En Côte d'Ivoire, le deuxième port à containers d'Abidjan a été cédé au groupe Bolloré au détriment de l'homme d'affaire ivoirien Jean Louis Billon qui avait participé à un appel d'offre. Ange David Bayémé, de l'ONG internationale GRIN basée au Ghana, rappelle que dans ce genre de transaction, les investisseurs africains ne sont souvent pas, et de manière paradoxale, le premier choix des gouvernements. La signature du contrat allant au plus offrant et ceci dans la plus grande opacité. "Le fait que ce sont des intérêts économiques, des intérêts politiques qui sont en jeu, explique qu'il y ait une telle opacité", explique-t-il.
Pour lui cela s'explique par le grand niveau de corruption dans ces différents pays et beaucoup de violations des lois. "C'est ce qu'on voit clairement dans ce genre d'accord.
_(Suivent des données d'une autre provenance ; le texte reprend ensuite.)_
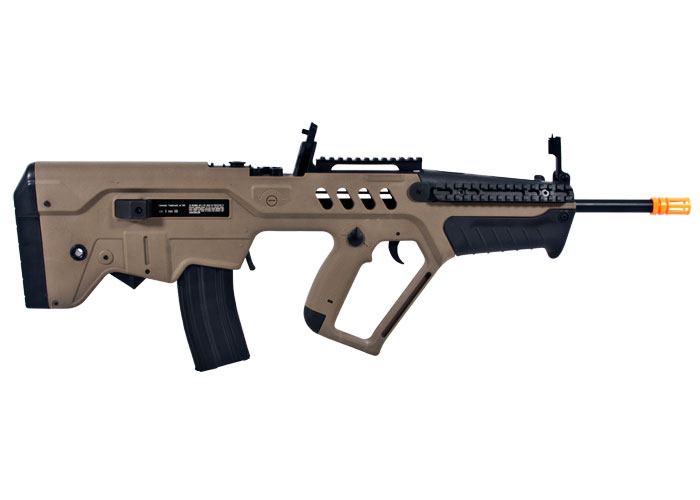 Umarex Tavor 21 Elite AEG Airsoft Rifle, Tan | Pyramyd Air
C'est la vision, pour un certain nombre de dirigeants africains, de ce qu'ils appellent l'investissement. Et c'est un investissement qui n'est pas équitable". Selon lui, la question du contrôle des ports, comme on le voit au Togo, en Guinée, et le silence de ces dirigeants "montre la connivence qu'il y a entre le milieu des affaires et le milieu politique".
Au Bénin, l'opérateur local Petrolin, qui avait en charge la rénovation du chemin de fer reliant le Togo au Niger, s'est vu retirer le projet pour le confier à Bolloré. Lequel, à son tour, s'est vu spolié du chantier qui a été confié à un groupe chinois. Ces passations de marchés se font très souvent sans appel d'offre et au gré des dirigeants, soutient Sadikou Alao, président du GERDES-Afrique.
"Dans le cas particulier de Bolloré, ce n'est pas un cas unique", affirme-t-il. "Nous avons des problèmes de mal gouvernance en Afrique, surtout avec des chefs d'Etats autoritaires qui peuvent décider à eux tous seuls de donner tel ou tel marché à tel ou tel opérateur économique, même au détriment de leurs propres compatriotes et sans appel d'offre". Pour lui, ce sont des occasions de corruption énormes. "Aucun pays n'échappe à ça. Même pas le Bénin."
Sadikou Alao espère, sans y croire tout à fait, que la mise en examen de Vincent Bolloré pourra à l'avenir faire réfléchir les dirigeants africains dans l'attribution des marchés.